I’m not sure why this would be surprising. The find utility is totally dominated by disk IOPS. The interpretation performance of find conditions is totally swamped by reading stuff from disk. So, keep it simple and just use a tree-walk interpreter.
Is it truly simpler to do that? A separate “command line to byte codes” module would be way easier to test than one that also does the work, including making any necessary syscalls.
Also, decreasing CPU usage many not speed up find (much), but it would leave more time for running other processes.
Yeah that's basically what was discussed here: https://lobste.rs/s/xz6fwz/unix_find_expressions_compiled_by...
And then I pointed to this article on databases: https://notes.eatonphil.com/2023-09-21-how-do-databases-exec...

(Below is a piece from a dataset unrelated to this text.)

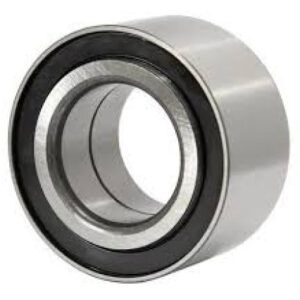 RULEMAN DE MAZA DAC633967 35X68X67 DELANTERA FIAT UNO FIORINO PALIO ELBA STRADA 1.4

Even MySQL, Duck DB, and Cockroach DB apparently use tree-walking to evaluate expressions, not bytecode!
Probably for the same reason - many parts are dominated by I/O, so the work on optimization goes elsewhere
And MySQL is a super-mature codebase
The assumption that "find" performance is dominated by disk IOPS is not generally valid.
For instance, I normally compile big software projects in RAM disks (Linux tmpfs), because I typically use computers with no less than 64 GB of DRAM.
Such big software projects may have very great numbers of files and subdirectories and their building scripts may use "find".
In such a case there are no SSD or HDD I/O operations, everything is done in the main memory, so the intrinsic performance of "find" may matter.